El lupus, o lupus eritematoso sistémico, es una afección autoinmune en la que el sistema inmunitario ataca tejidos sanos, causando síntomas como músculos y articulaciones dolorosas, erupciones y fatiga extrema. Afecta a alrededor de 5 millones de personas en todo el mundo, con aproximadamente el 90 por ciento de los casos en mujeres. Aunque las causas involucran genética, hormonas y desencadenantes ambientales como virus, el rol del virus de Epstein-Barr (EBV) —que infecta al 95 por ciento de los adultos y causa fiebre glandular— ha sido sospechado pero no probado mecánicamente.
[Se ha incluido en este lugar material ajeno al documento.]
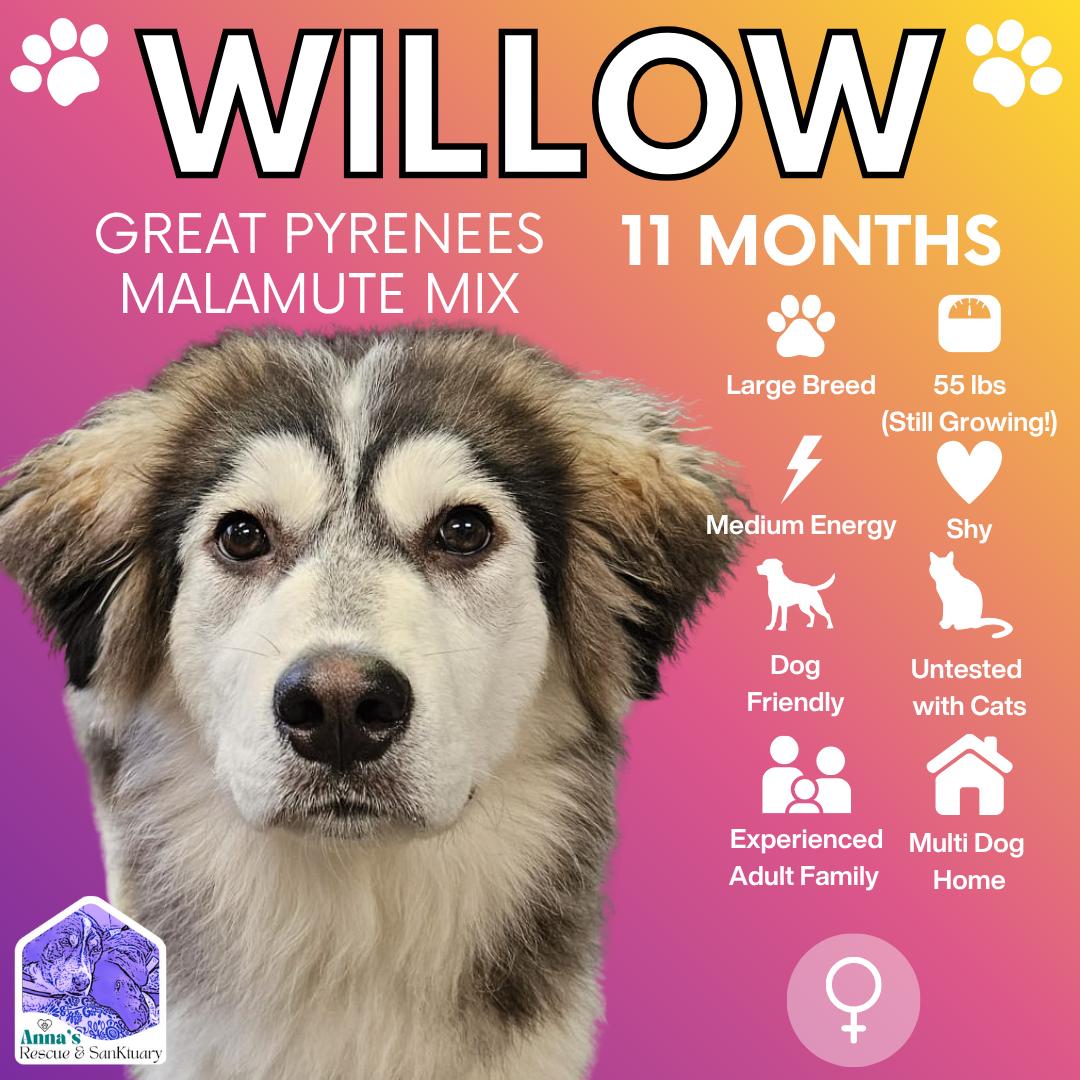 Willow, Adoptable, Young Female Great Pyrenees & Alaskan Malamute.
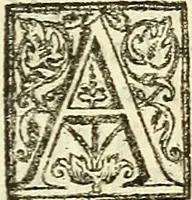 Picture 18 of 19 from De plantis libri XVI (1583), leaf 666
William Robinson de la Universidad de Stanford y colegas desarrollaron una plataforma de secuenciación de ARN de célula única llamada EBV-seq para analizar células B en muestras de sangre. En 11 personas con lupus, alrededor de 25 de cada 10.000 células B secuenciadas estaban infectadas con EBV, en comparación con 0 a 3 por 10.000 en 10 controles sanos. La mayoría de las células infectadas eran células B de memoria, que expresan los genes ZEB2 y TBX21. Estos genes activan células T auxiliares, reclutando más células B y creando un ciclo vicioso de hiperactividad inmunitaria.
La proteína del virus EBNA2 se une a ZEB2 y TBX21, aumentando su expresión y preparando las células para esta respuesta. “Nuestro descubrimiento es el mecanismo por el cual este virus muy común que infecta al 95 por ciento de nosotros, el virus de Epstein-Barr, básicamente causa lupus”, dice Robinson. Él nota que la genética y el ambiente determinan por qué solo algunos individuos infectados desarrollan lupus: “Es la infección por EBV en el contexto del milieu genético y ambiental que predispone a uno al lupus lo que juntos resulta en que ellos contraigan lupus.”
George Tsokos de la Escuela de Medicina de Harvard está de acuerdo en que el EBV es un contribuyente principal en algunos casos, aunque los mecanismos varían. Los hallazgos se basan en un vínculo de 2022 entre EBV y esclerosis múltiple, sugiriendo implicaciones más amplias para enfermedades autoinmunes. Pueden explicar por qué las terapias de células T CAR, que deplecionan células B, logran remisión a largo plazo en pacientes con lupus al dirigirse a células infectadas con EBV, aunque Tsokos advierte que no todas las células B se eliminan completamente.
La investigación respalda una vacuna contra EBV para prevenir la infección y así el lupus en personas no infectadas, ya que la reprogramación ocurre temprano después de la exposición. Sin embargo, Tsokos destaca desafíos como el costo, dado que vacunar a más de 1.000 podría prevenir un caso. El estudio aparece en Science Translational Medicine (DOI: 10.1126/scitranslmed.ady0210).